- _TASK TO CARRY OUT_: I'd like the entries repeated exactly, pictures omitted.

- _DATASET ENTRIES_:
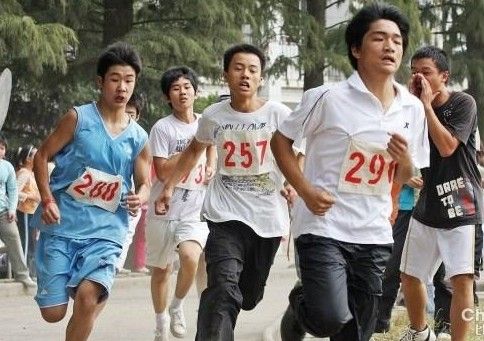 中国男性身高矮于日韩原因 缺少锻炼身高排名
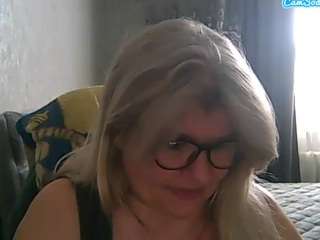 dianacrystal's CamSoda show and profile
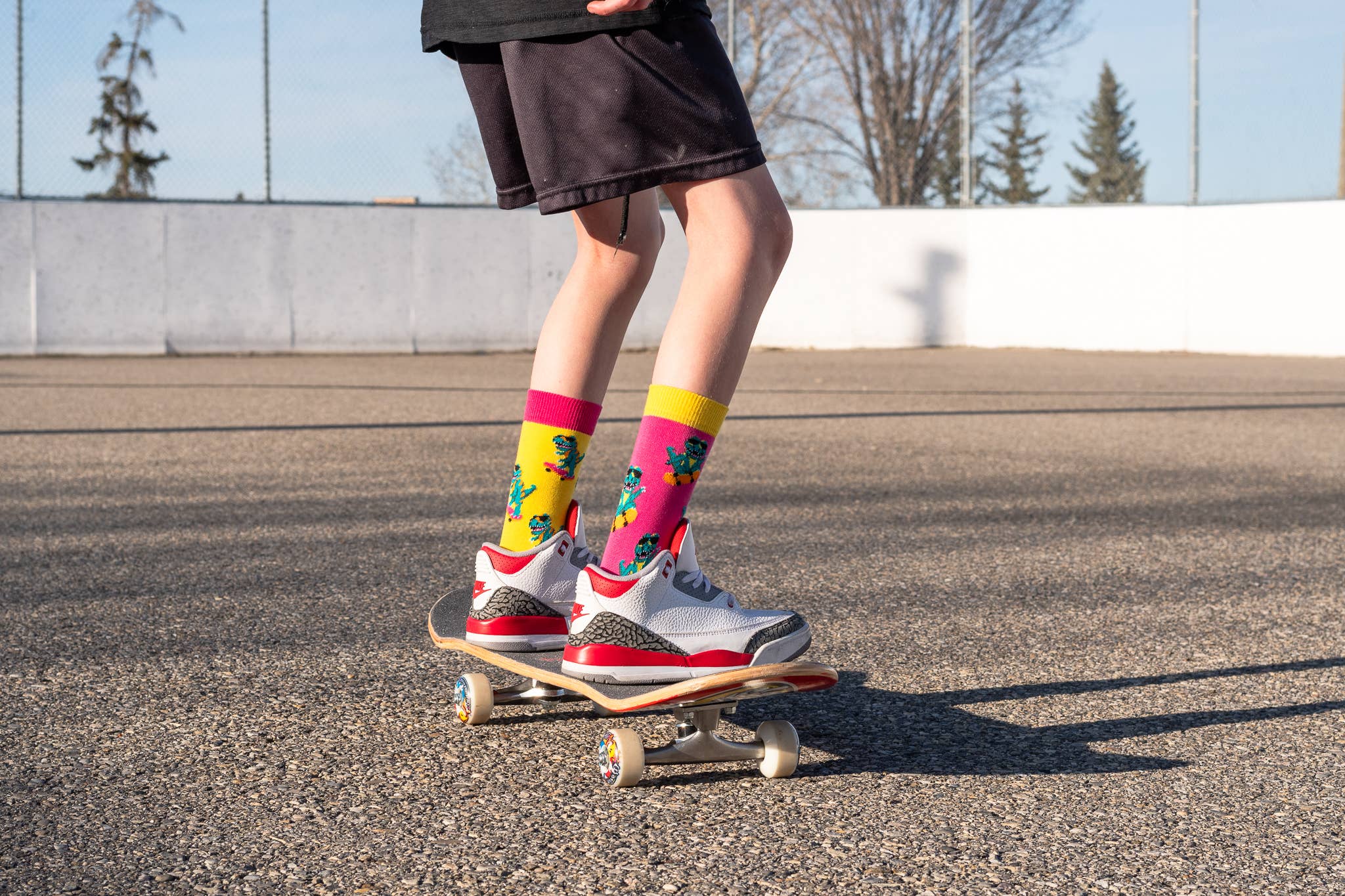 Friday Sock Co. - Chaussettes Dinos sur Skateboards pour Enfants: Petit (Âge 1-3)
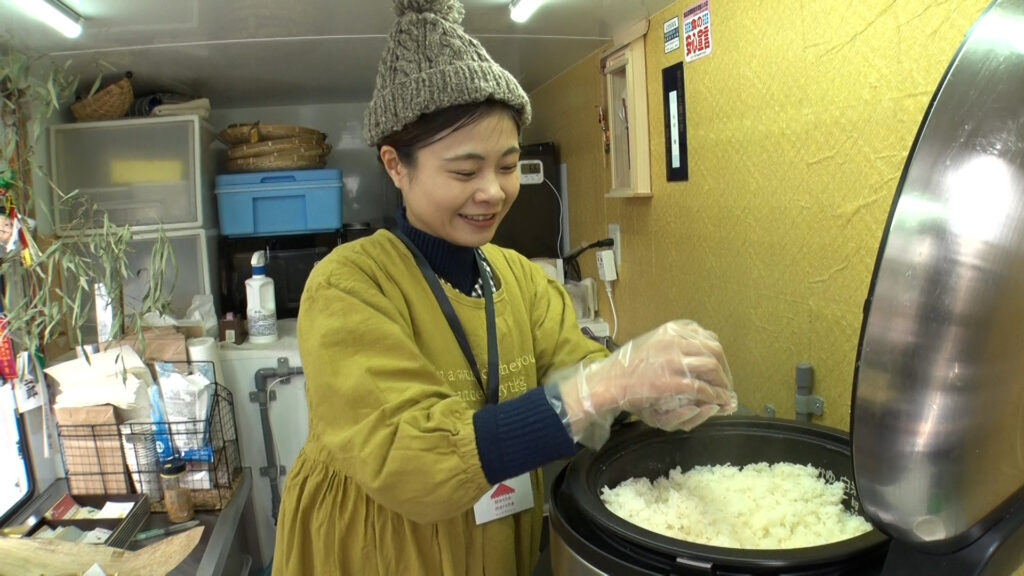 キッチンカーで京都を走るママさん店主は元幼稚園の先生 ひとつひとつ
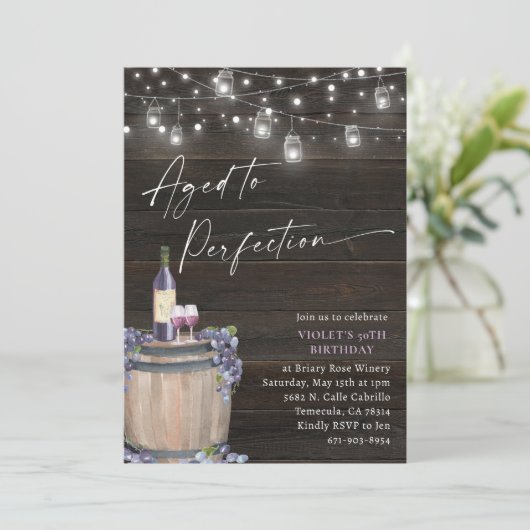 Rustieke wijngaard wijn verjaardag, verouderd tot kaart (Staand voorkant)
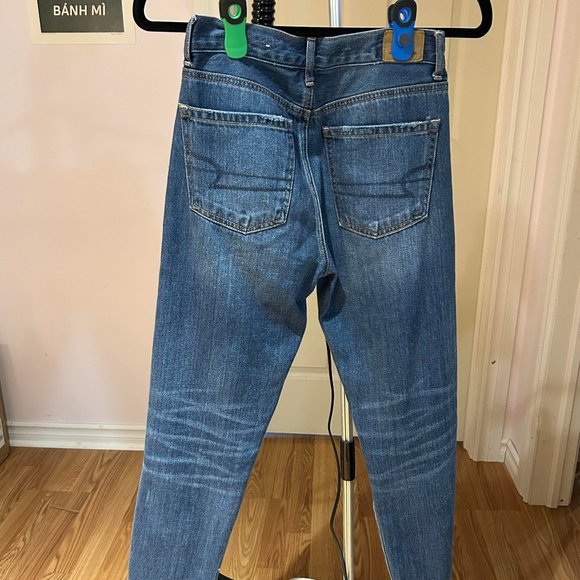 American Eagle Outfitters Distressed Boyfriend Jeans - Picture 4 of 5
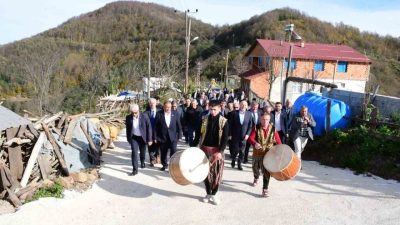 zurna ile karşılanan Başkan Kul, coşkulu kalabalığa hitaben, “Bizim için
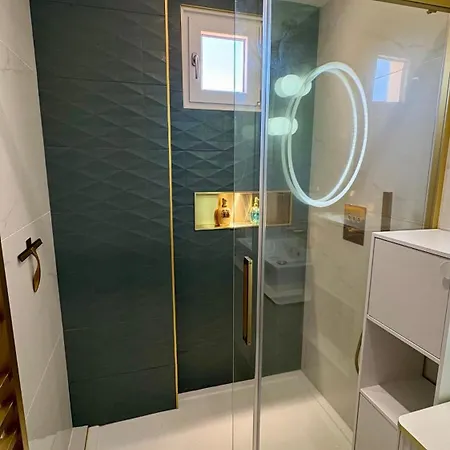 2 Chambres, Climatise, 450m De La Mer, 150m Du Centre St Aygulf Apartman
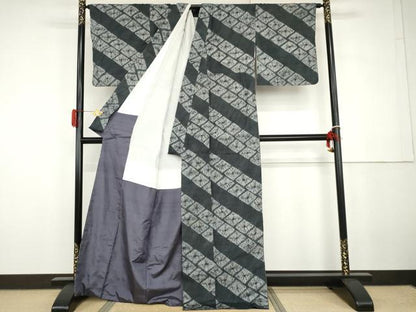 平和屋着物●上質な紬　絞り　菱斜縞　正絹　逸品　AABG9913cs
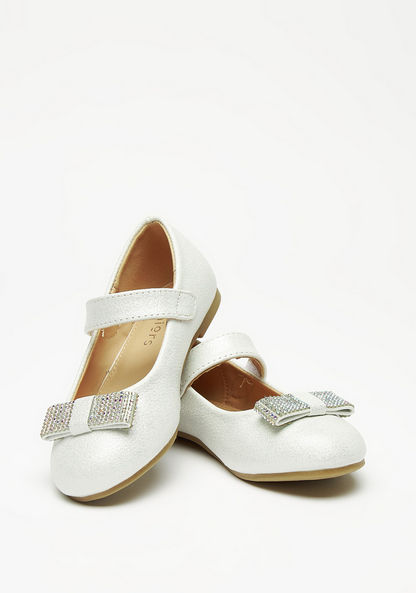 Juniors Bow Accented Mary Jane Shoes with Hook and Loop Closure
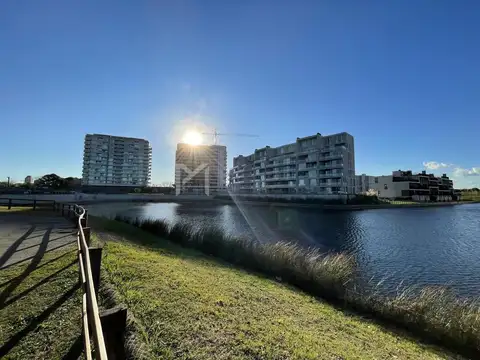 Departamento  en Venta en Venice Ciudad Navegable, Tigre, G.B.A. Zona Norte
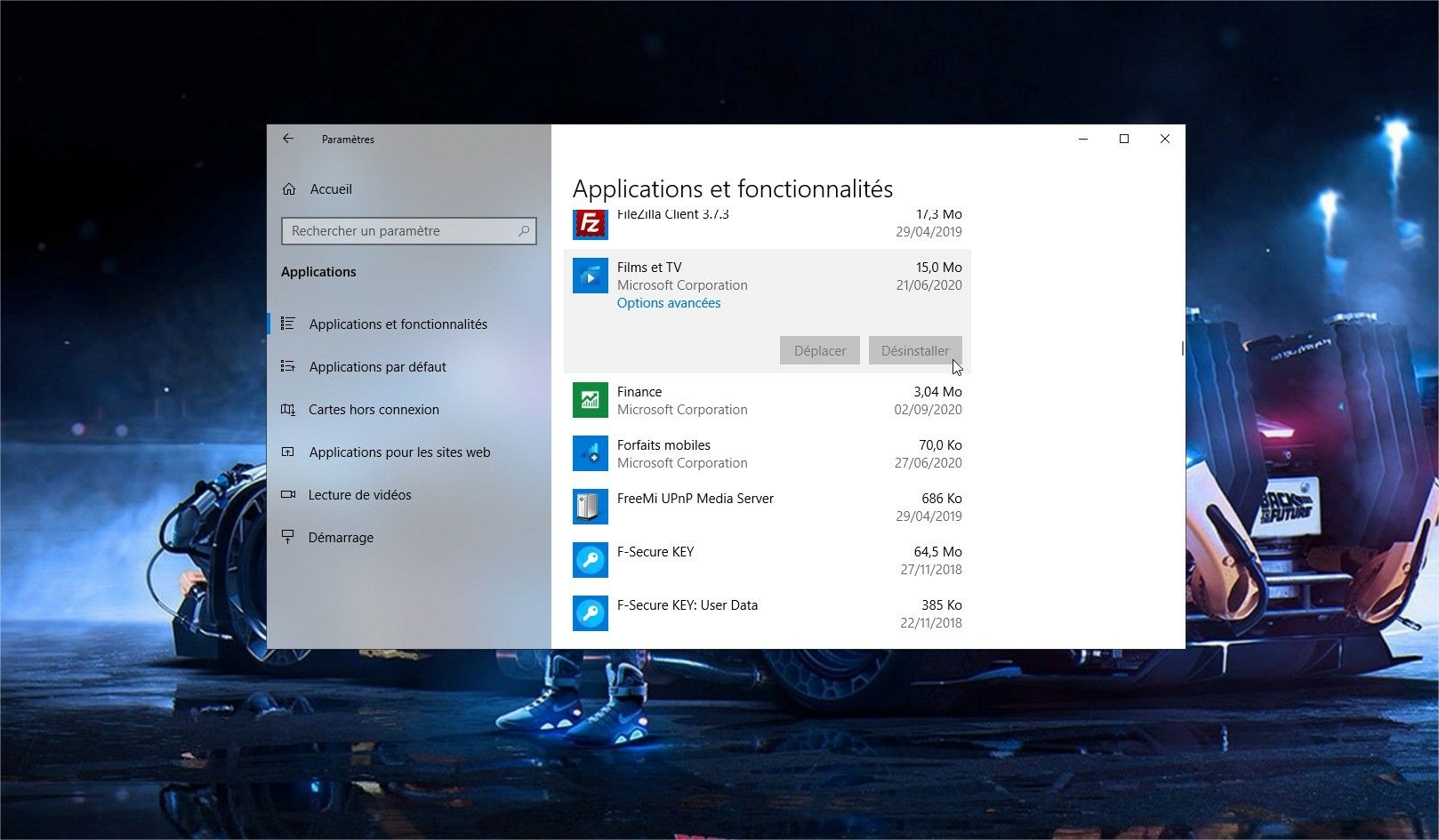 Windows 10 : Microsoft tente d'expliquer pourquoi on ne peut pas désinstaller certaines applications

- _RESULT OF THIS EXERCISE_:
 中国男性身高矮于日韩原因 缺少锻炼身高排名
 dianacrystal's CamSoda show and profile
 Friday Sock Co. - Chaussettes Dinos sur Skateboards pour Enfants: Petit (Âge 1-3)
 キッチンカーで京都を走るママさん店主は元幼稚園の先生 ひとつひとつ
 Rustieke wijngaard wijn verjaardag, verouderd tot kaart (Staand voorkant)
 American Eagle Outfitters Distressed Boyfriend Jeans - Picture 4 of 5
 zurna ile karşılanan Başkan Kul, coşkulu kalabalığa hitaben, “Bizim için
 2 Chambres, Climatise, 450m De La Mer, 150m Du Centre St Aygulf Apartman
 平和屋着物●上質な紬　絞り　菱斜縞　正絹　逸品　AABG9913cs
 Juniors Bow Accented Mary Jane Shoes with Hook and Loop Closure
 Departamento  en Venta en Venice Ciudad Navegable, Tigre, G.B.A. Zona Norte
 Windows 10 : Microsoft tente d'expliquer pourquoi on ne peut pas désinstaller certaines applications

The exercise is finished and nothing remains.